- [Task directions]: Go through the entries and write each one out again unchanged.

Collection entries:

::::::

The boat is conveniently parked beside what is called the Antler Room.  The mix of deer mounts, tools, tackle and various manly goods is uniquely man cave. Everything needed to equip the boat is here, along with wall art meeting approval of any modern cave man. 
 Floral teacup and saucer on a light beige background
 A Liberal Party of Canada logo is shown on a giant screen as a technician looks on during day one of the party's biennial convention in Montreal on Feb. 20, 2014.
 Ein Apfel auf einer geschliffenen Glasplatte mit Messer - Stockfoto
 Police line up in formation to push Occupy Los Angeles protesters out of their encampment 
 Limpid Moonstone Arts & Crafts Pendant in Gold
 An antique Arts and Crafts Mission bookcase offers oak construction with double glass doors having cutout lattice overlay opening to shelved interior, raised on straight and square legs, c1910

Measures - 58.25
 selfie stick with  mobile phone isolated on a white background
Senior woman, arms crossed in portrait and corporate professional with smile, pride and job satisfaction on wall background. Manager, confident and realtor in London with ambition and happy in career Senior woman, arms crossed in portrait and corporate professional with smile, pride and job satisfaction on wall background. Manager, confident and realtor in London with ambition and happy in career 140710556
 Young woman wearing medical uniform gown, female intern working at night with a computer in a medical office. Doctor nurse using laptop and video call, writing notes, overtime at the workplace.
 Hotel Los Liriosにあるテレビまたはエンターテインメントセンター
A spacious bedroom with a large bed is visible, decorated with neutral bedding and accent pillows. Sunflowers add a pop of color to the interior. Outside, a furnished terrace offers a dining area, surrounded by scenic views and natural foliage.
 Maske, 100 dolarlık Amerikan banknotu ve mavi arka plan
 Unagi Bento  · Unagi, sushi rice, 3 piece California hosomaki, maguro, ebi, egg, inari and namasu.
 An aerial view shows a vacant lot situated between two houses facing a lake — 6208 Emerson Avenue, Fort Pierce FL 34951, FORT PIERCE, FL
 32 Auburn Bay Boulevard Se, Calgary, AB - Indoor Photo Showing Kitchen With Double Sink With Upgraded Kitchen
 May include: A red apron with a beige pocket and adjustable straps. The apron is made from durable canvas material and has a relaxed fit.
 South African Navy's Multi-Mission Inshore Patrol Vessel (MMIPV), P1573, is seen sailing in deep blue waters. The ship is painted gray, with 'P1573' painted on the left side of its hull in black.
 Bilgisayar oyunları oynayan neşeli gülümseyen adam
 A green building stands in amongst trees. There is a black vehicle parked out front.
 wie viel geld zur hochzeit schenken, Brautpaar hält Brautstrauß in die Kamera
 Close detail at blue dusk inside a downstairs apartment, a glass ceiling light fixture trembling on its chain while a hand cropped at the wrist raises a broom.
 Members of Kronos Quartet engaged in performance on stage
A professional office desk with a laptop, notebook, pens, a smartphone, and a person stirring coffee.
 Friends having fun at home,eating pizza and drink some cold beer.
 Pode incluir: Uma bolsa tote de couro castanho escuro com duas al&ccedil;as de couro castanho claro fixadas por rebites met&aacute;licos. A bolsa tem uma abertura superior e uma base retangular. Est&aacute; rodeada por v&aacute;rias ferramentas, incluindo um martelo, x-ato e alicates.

::::::

- [Task response]:
The boat is conveniently parked beside what is called the Antler Room.  The mix of deer mounts, tools, tackle and various manly goods is uniquely man cave. Everything needed to equip the boat is here, along with wall art meeting approval of any modern cave man. 
 Floral teacup and saucer on a light beige background
 A Liberal Party of Canada logo is shown on a giant screen as a technician looks on during day one of the party's biennial convention in Montreal on Feb. 20, 2014.
 Ein Apfel auf einer geschliffenen Glasplatte mit Messer - Stockfoto
 Police line up in formation to push Occupy Los Angeles protesters out of their encampment 
 Limpid Moonstone Arts & Crafts Pendant in Gold
 An antique Arts and Crafts Mission bookcase offers oak construction with double glass doors having cutout lattice overlay opening to shelved interior, raised on straight and square legs, c1910

Measures - 58.25
 selfie stick with  mobile phone isolated on a white background
Senior woman, arms crossed in portrait and corporate professional with smile, pride and job satisfaction on wall background. Manager, confident and realtor in London with ambition and happy in career Senior woman, arms crossed in portrait and corporate professional with smile, pride and job satisfaction on wall background. Manager, confident and realtor in London with ambition and happy in career 140710556
 Young woman wearing medical uniform gown, female intern working at night with a computer in a medical office. Doctor nurse using laptop and video call, writing notes, overtime at the workplace.
 Hotel Los Liriosにあるテレビまたはエンターテインメントセンター
A spacious bedroom with a large bed is visible, decorated with neutral bedding and accent pillows. Sunflowers add a pop of color to the interior. Outside, a furnished terrace offers a dining area, surrounded by scenic views and natural foliage.
 Maske, 100 dolarlık Amerikan banknotu ve mavi arka plan
 Unagi Bento  · Unagi, sushi rice, 3 piece California hosomaki, maguro, ebi, egg, inari and namasu.
 An aerial view shows a vacant lot situated between two houses facing a lake — 6208 Emerson Avenue, Fort Pierce FL 34951, FORT PIERCE, FL
 32 Auburn Bay Boulevard Se, Calgary, AB - Indoor Photo Showing Kitchen With Double Sink With Upgraded Kitchen
 May include: A red apron with a beige pocket and adjustable straps. The apron is made from durable canvas material and has a relaxed fit.
 South African Navy's Multi-Mission Inshore Patrol Vessel (MMIPV), P1573, is seen sailing in deep blue waters. The ship is painted gray, with 'P1573' painted on the left side of its hull in black.
 Bilgisayar oyunları oynayan neşeli gülümseyen adam
 A green building stands in amongst trees. There is a black vehicle parked out front.
 wie viel geld zur hochzeit schenken, Brautpaar hält Brautstrauß in die Kamera
 Close detail at blue dusk inside a downstairs apartment, a glass ceiling light fixture trembling on its chain while a hand cropped at the wrist raises a broom.
 Members of Kronos Quartet engaged in performance on stage
A professional office desk with a laptop, notebook, pens, a smartphone, and a person stirring coffee.
 Friends having fun at home,eating pizza and drink some cold beer.
 Pode incluir: Uma bolsa tote de couro castanho escuro com duas al&ccedil;as de couro castanho claro fixadas por rebites met&aacute;licos. A bolsa tem uma abertura superior e uma base retangular. Est&aacute; rodeada por v&aacute;rias ferramentas, incluindo um martelo, x-ato e alicates.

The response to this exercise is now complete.